Friday, October 01, 2004

Crossing Over

I'm asked sometimes (usually when someone learns that I'm voting for Kerry) if it wise to change horses in the middle of a fast-moving stream. I assume that we are the riders in their metaphor, but I think it is probably more accurate to say that we are the horse and our president is the rider. The question should be does our president know enough to decide whether we should continue crossing the stream to the point we are headed, find another place to cross, or turn around all together. If the wrong decision is made, I can assure you that it will be us that drowns first.
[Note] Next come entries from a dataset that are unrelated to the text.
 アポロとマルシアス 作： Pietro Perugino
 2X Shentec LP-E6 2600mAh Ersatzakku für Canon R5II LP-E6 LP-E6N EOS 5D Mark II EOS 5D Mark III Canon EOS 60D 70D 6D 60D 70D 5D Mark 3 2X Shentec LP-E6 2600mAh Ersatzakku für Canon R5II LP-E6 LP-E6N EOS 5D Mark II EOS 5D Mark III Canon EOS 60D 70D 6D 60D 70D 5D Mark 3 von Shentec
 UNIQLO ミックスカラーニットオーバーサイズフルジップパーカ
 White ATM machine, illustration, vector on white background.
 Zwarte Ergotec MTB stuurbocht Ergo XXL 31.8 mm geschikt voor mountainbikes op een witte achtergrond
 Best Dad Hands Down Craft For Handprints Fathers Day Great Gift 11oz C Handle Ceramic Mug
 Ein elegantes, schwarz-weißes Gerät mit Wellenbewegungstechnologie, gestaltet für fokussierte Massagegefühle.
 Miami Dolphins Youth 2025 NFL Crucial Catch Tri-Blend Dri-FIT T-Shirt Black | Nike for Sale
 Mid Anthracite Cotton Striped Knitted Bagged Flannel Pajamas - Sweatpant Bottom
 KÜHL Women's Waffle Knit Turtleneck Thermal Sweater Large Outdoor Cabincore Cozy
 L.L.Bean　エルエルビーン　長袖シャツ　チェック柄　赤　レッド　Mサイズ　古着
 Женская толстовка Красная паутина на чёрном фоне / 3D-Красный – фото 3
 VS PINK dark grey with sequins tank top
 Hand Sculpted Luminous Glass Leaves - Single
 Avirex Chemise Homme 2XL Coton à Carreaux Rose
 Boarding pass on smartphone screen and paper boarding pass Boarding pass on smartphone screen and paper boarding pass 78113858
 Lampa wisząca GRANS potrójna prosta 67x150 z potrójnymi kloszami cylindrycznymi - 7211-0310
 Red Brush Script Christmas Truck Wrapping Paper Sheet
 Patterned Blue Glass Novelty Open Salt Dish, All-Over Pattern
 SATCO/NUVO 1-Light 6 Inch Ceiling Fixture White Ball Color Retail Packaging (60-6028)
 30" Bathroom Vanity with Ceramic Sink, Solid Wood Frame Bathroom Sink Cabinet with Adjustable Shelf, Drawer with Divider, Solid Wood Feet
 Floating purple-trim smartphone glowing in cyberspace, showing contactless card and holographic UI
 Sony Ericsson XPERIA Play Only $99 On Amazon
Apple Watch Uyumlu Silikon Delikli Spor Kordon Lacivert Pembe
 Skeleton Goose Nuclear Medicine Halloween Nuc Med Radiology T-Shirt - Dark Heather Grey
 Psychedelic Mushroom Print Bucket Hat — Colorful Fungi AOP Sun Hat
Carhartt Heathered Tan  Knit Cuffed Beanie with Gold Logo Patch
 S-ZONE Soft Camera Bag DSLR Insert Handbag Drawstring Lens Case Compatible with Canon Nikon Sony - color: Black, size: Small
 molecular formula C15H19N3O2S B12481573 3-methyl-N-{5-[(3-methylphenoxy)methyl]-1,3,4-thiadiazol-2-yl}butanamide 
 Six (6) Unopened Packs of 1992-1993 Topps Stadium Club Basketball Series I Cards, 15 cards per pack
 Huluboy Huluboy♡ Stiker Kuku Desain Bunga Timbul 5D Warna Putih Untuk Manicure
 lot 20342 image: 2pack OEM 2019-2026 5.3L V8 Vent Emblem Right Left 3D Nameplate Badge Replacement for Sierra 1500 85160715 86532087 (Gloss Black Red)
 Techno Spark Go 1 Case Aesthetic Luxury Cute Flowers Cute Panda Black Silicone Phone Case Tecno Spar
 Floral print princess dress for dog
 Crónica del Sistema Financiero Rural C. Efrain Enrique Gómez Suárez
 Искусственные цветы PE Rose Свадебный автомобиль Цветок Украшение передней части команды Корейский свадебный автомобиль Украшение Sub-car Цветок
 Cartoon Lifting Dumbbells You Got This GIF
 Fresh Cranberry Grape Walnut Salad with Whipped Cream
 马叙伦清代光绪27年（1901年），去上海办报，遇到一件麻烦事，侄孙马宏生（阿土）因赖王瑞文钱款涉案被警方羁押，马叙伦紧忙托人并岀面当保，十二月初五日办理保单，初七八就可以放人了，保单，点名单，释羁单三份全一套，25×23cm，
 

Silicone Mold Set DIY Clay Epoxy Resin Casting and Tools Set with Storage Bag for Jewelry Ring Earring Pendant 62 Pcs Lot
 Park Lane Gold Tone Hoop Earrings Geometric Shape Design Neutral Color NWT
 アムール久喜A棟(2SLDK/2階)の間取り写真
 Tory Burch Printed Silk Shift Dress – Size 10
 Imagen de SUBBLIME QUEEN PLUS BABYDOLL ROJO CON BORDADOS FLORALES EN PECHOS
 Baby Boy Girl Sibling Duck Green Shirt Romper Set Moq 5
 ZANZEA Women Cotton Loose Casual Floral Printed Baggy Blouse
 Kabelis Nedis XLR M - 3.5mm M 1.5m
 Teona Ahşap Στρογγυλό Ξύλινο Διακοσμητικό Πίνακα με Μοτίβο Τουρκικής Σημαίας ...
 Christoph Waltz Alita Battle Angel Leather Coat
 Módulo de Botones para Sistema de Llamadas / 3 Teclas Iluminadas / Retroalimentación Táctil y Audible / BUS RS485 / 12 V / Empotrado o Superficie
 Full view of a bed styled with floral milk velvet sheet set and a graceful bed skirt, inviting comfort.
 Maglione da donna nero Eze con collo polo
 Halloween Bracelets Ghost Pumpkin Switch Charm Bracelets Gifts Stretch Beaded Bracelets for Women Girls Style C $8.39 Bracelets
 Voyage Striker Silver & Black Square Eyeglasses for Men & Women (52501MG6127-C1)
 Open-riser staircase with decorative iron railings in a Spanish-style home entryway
I prefer a president who has the ability to take in a lot of different kinds of information at once and interpret them correctly. I also need a president who considers not just his own survival, but that of his "horse." Bush may make quicker decisions, but in my opinion Kerry makes better ones based on more information from a greater number of sources. And frankly, I'm not convinced Bush really has the ability to be that concerned about his horse. He has jumped from organization to organization, failed business to failed business, willing to leave chaos in his wake without ever having to suffer as a result. In Vietnam, Kerry volunteered to suffer beside those under his command, and then he came back to the U.S. to be their advocate and has done the same for his constituents in MA.

Kerry also understands the stream better. He realizes that it is not just the challenging stream of the U.S. and its war on terrorism, but a fjord of sensitive situations (Iraq, Iran, the Sudan, North Korea, China, Terrorism, Russia) each steered by a different set of politcal particulars that require finesse, precision, and more consistent attention than one can give from a ranch in Texas. And unlike Bush, Kerry is willing to make reasoned, even if risky changes rather than stubbornly making a run for the spot on the shore using the one path he is "pretty sure" is going to provide safety despite mounting evidence that it won't. It is easy, but very dangerous to mistake prideful pig-headedness for resolve.